The court below sustained the Commissioner's treatment of the bonus payments as advanced royalties for which depletion must be allowed under § 234 (a) (9), Revenue Act of 1918, to the extent that they represent a return of capital, and held erroneous the conclusion of the Board of Tax Appeals that the entire bonus was taxable income. The correctness of this decision must first be determined, for if the Board was right in ruling that the bonus was not subject to a depletion allowance, the method of computing the depletion to be allowed on the royalties received during the taxable years in question would present no problem. The taxpayer would be entitled to deduct the full capital investment per barrel in the oil extracted during those years.
Section 234 (a) (9) of the 1918 Act includes in the authorized deductions from gross income:
"(9) In the case of mines, oil and gas wells, . . . a reasonable allowance for depletion and for depreciation of improvements, according to the peculiar conditions in *302 each case, based upon cost including cost of development not otherwise deducted: . . . such reasonable allowance in all the above cases to be made under rules and regulations to be prescribed by the Commissioner with the approval of the Secretary. In the case of leases the deductions allowed by this paragraph shall be equitably apportioned between the lessor and lessee; . . ."
We think it no longer open to doubt that when the execution of an oil and gas lease is followed by production of oil, the bonus and royalties paid to the lessor both involve at least some return of his capital investment in oil in the ground, for which a depletion allowance must be made under § 234. See Burnet v. Harmel, supra. This is obvious where royalties alone are insufficient to return the capital investment. A distinction between royalties and bonus, which would allow a depletion deduction on the former but tax the latter in full as income, when received, making no provision for a reasonably anticipated production of oil on the leased premises, would deny the "reasonable allowance for depletion" which the statute provides. The harsh operation of such a rule with respect to taxpayers generally is apparent and is emphasized by the opportunist character of petitioner's argument here. The rule for which it contends can operate to its advantage only if it fortuitously escapes payment of any tax on the bonus payments, which it insists shall be treated as income without the deduction of any depletion allowance.

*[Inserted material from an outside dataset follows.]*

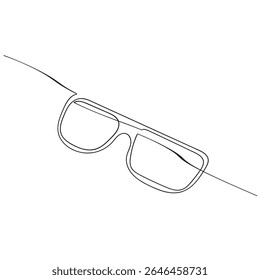 Glasses icon line continuous drawing vector. One line eyeglasses icon vector background. Eyeglasses icon. Continuous outline of a Glasses.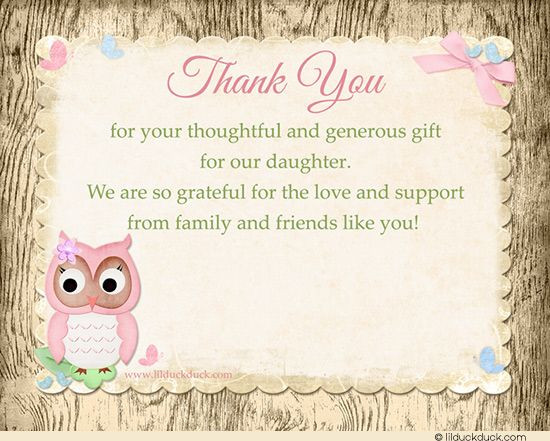 Thank You Card For Baby Shower Gift
 Baby Shower Thank You Card Verse Ideas Shower Party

Doubts, if any, whether the statute authorizes depletion of bonus payments, have been definitely set at rest by the repeated reenactment, without substantial change, of the provisions of § 234 (a) (9),[1] since the promulgation *303 of treasury regulations providing for such depletion.[2] See Burnet v. Thompson Oil & Gas Co., 283 U.S. 301, 307-8; Brewster v. Gage, 280 U.S. 327, 337; National Lead Co. v. United States, 252 U.S. 140, 146-147.
The question remains whether the method followed by the Commissioner in this case in allocating depletion to bonus and royalties failed to afford that "reasonable allowance" for depletion which the statute provides.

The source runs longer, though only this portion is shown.